Believe it or not I do not spend all my days combing my archives, but with the new month I first checked that I did have a June 2006 archive and then, having found it, surprised myself! So this is the second of up to 3 reposts! I may add in some pics…
Crash-tackling the stereotype
Some of you remember my fifteen minutes of fame in 2002. There had been mutterings around The Mine about “Asians” and “coaching” (cheating?) and not playing Rugby…
How amused I was then last night to get an email from one of my (“Asian”) coachees to say he couldn’t attend this week as he would be playing Rugby League in The Shire.
He’s an athlete too.
As time goes by… Meeting Madam and a Buddhist.
It has been a week for running into people, one way or another. Delenio will know who I mean when I mention that I saw G, a former colleague, especially in many a GPS debate, a couple of days ago. He looks different, healthy and very friendly. He’s pretty much done with teaching and is very much into Buddhism these days. He hadn’t heard about my becoming involved with South Sydney Uniting Church, but could relate to the need for a spiritual home. He certainly seems to have found his, and that is great.

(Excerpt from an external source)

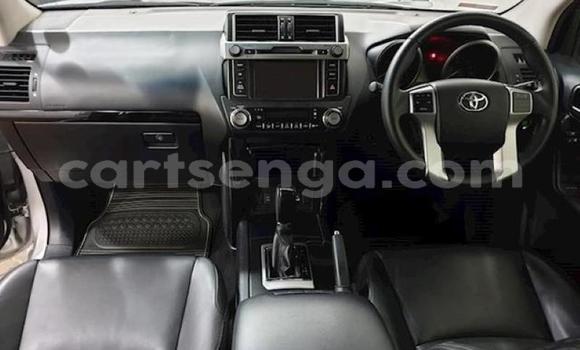 Acheter Occasion Voiture Toyota Land Cruiser Prado Blanc à Ezulwini, Hhohho Acheter Occasion Voiture Toyota Land Cruiser Prado Blanc à Ezulwini, Hhohho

By the way, I do not put great store on the exclusive truth claims of any religion, including my own; as soon as religions seriously go down that track you can be sure they are wrong. But that’s a matter for another day.
Tonight I saw Madam in Elizabeth Street, and this will mean most to The Rabbit, after whom she asked. She was pleased to hear about the English teaching. She is still doing some catering, she tells me, has some Japanese students staying with her, and is enjoying the freedom of not running a cafe. She seems to be over her Bulgarian period. (Mind you, I liked him.)
Her cafe was a bit like Rick’s. If smaller. Much smaller. And there was no piano. But it was as much a haven for all kinds of refugees as Rick’s ever was. I am sure The Rabbit remembers it with as much affection as I do.
Ah, Cafe Max. I haven’t really taken to its replacement.
Rick’s Cafe Casablanca
I really love the movie Casablanca, which is the same age as I am, or pretty close…
And now it appears, so I saw on ABC’s Foreign Correspondent tonight, that an American named Kathy Kriger has brought it to life in the city the movie celebrated. It looks great, and the Rick’s Cafe website is just a delight. She has a blog too: Salon Privé.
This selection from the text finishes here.